# A few of my furbabies



## Aud's_Mum (Aug 4, 2008)

We bought this dolls house for my stepdaughter............









Aud-tat showing me she's ready for a brush! pmsl!









And Barny boo....asleep as usual!


----------



## Guest (Jan 5, 2009)

So cute...love the dolls house one


----------



## Aud's_Mum (Aug 4, 2008)

FREE SPIRIT said:


> So cute...love the dolls house one


Thank you  I wish i could fit in it! the furniture for it is brill!! :w00t:


----------



## Guest (Jan 5, 2009)

Aud's_Mum said:


> Thank you  I wish i could fit in it! the furniture for it is brill!! :w00t:


lol...ive always loved dolls houses...mind you ive never grown up


----------



## Aud's_Mum (Aug 4, 2008)

FREE SPIRIT said:


> lol...ive always loved dolls houses...mind you ive never grown up


:laugh: I must admit i think its me that plays with the house more! Its more dust-free than our house!


----------



## Guest (Jan 5, 2009)

Aud's_Mum said:


> :laugh: I must admit i think its me that plays with the house more! Its more dust-free than our house!

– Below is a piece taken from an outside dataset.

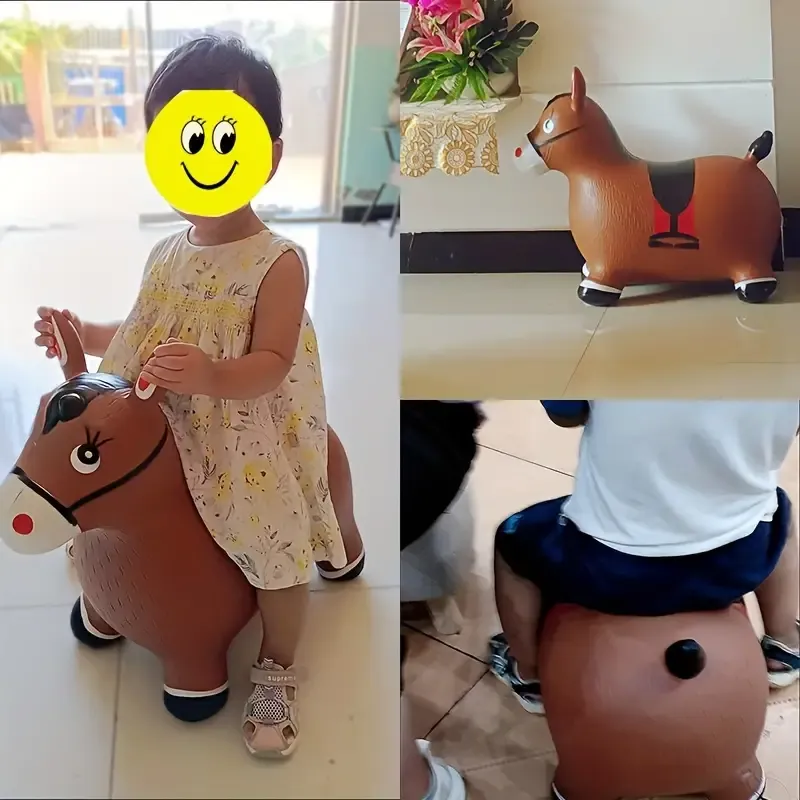 Sustainable Inflatable Bouncy Horse Playset For Youngsters - Durable PVC, Tear-Resistant, Supports Up To 49.9KG - Perfect Outdoor Fun & Holiday Gift With Pump Included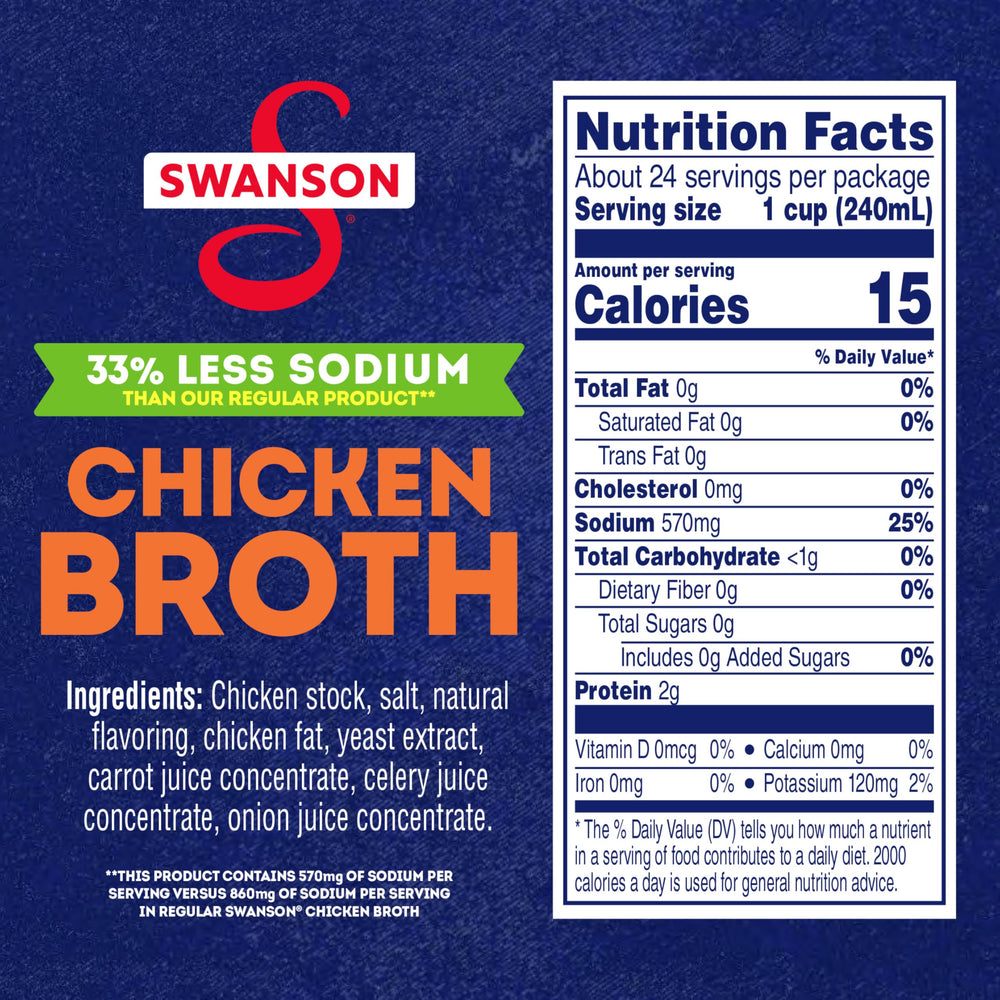 Swanson S Lower Sodium Chicken Broth label shows gluten-free ingredients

:lol::lol::lol: Hey you can write your name (well an essay really) in the dust in my place


----------



## suzy93074 (Sep 3, 2008)

Great piccies!x


----------



## ColeosMummy (Aug 27, 2008)

great pics lovely kitties x


----------



## lymorelynn (Oct 4, 2008)

Beautiful pictures Rachel - Audrey looks as ladylike as ever lol!! When my daughter was little (now 36!!) she had a dolls house that our cats liked to sleep in. Kittens loved it.


----------



## colliemerles (Nov 2, 2007)

great pictures, gorgeous cats,


----------



## deedeedee (Apr 2, 2008)

You have gorgeous cats! great pics

D x


----------



## MADCAT (Nov 21, 2008)

Lovely pics xxx


----------



## pugsley Adams (Dec 30, 2008)

awh, the pictures were so cute!


----------



## crazydoglover (Dec 14, 2008)

bless, i love the dolls house one


----------



## HuffHuff (Jan 4, 2009)

love the dolls house one!!! thats ace!!


----------



## ManyPaul (Dec 7, 2008)

they are great pictures thank you for sharing, your cats are so cute


----------